# san louis pass camping trip this weekend



## Thisjustin (Mar 23, 2012)

i was wondering how the night fishing from the shore is here? never been there at night before. i dont have a kayak to paddle out to drop the line so thats out of the question, nor will i wade in the water at night. so i guess my question is: is it worth it to fish at night here or should i get some sleep to get up in the morning?:cheers:


----------



## Auer Power (Jun 16, 2009)

Depends on which side of the Pass you plan on camping/fishing on.
Galveston or Freeport side?
Inside the Pass or outside?


----------



## Thisjustin (Mar 23, 2012)

Auer Power said:


> Depends on which side of the Pass you plan on camping/fishing on.
> Galveston or Freeport side?
> Inside the Pass or outside?


freeport side, inside the pass


----------



## Auer Power (Jun 16, 2009)

That area is turning into a sandbar quick.
I am sure you can pick up something in there, it's just getting more shallow by the day.
There are atleast 10 people wade fishing there everytime I go through the area.
I'd suggest the inside of the pass on the Galveston side. It drops of closer to the bank over there (6-8ft) opposed to 2-3ft on the Freeport side.

It's always fun to throw some cut bait out during the night and see what you can catch.

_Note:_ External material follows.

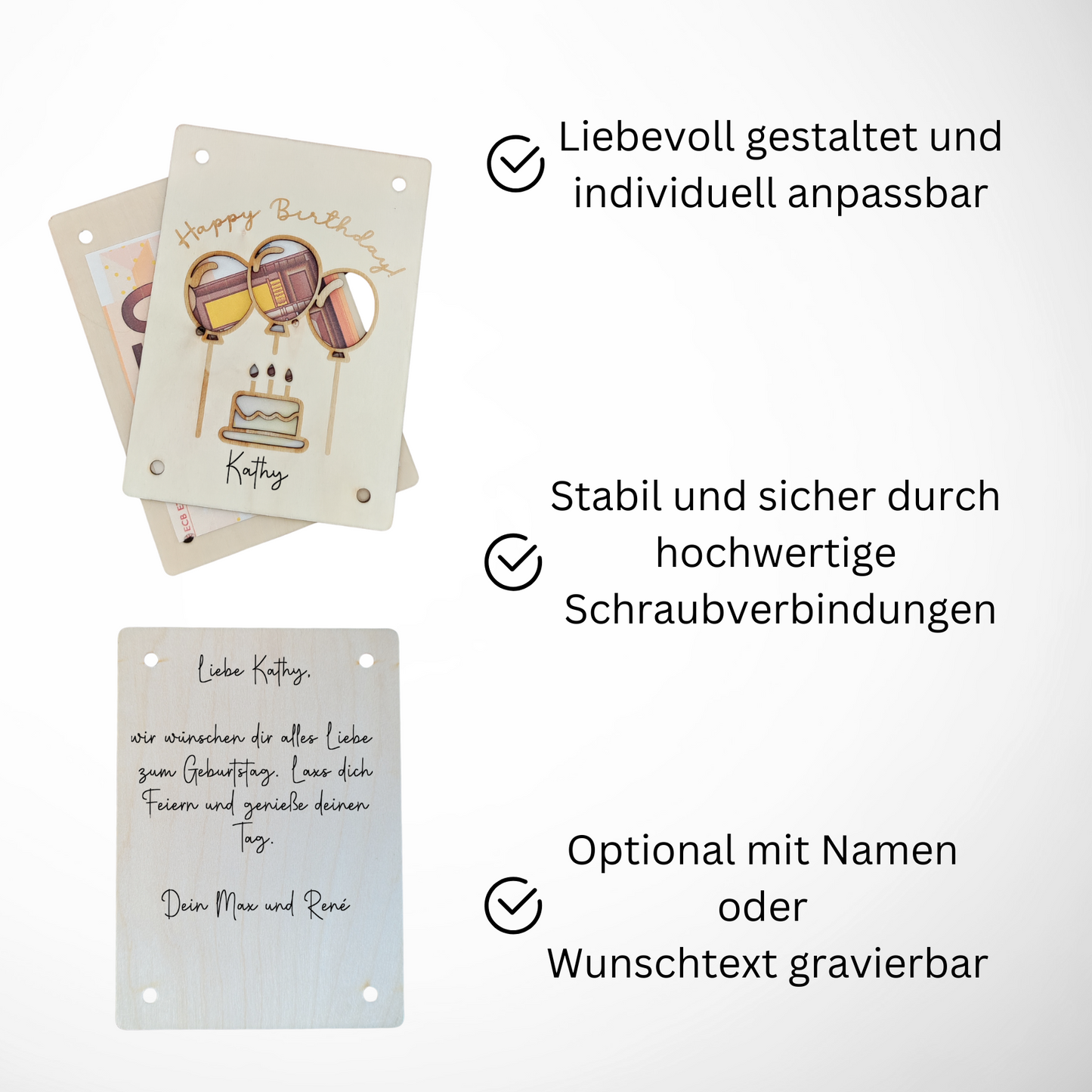 Personalisierte Geldgeschenkkarte aus Holz – Kreativ, stilvoll & einzigartig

I'd say you'll probably get some reds, shark and stingray where your talking about at night. If the waters decent you may even get a jack.


----------



## txbayfisher1959 (Apr 16, 2012)

be extremely careful of the currents and shifting sand while wading. get there before dark to survey the shoreline. take a shotgun for personal protection, due to the rough crowds reported down the beach on weekends


----------



## tx7475 (Apr 12, 2011)

I was there not long ago . Talk about a change in crowds from years ago . I remember when the graffiti was still in english .. Man i miss those days . LOL


----------



## Rawpower (Jul 4, 2011)

I would fish from the Freeport side but it’s up to you. Be very careful of the currents. The sand is always shifting around and currents are always dangerous. I never fished at night at SLP. If I did I would have some lights and a generator. Have fun!


----------



## txsharkhunter (Feb 28, 2012)

I'll probably be there on the Freeport side and I have a yak for baits.


----------



## lipjerker (Apr 27, 2012)

Here is one for you. I have been fishing at the pass bridge since it was built. I fished at night from the Galveston side all the time. I have waded for flounder at night and get this...waded out behind the bridge to about chest deep on a full moon once and threw mirror lures. Caught a few trout and reds but the real adventure was while I was there alone and all was quiet I could hear huge fish slashing bait on top, some only yards away, Kind of takes your breath away when you know you're part of the food chain.


----------



## tburns67 (May 25, 2004)

How is the grass? I am considering driving down tonight to SLP too.


----------



## saltup83 (Jul 15, 2010)

SLP is the only place I fish and always camp out on the beach on freeport side. i fish all day and usually call quits about 2-3am leaving bait in water and have woke up to a 40in Bull Red and sting ray. never been skunked at SLP.


----------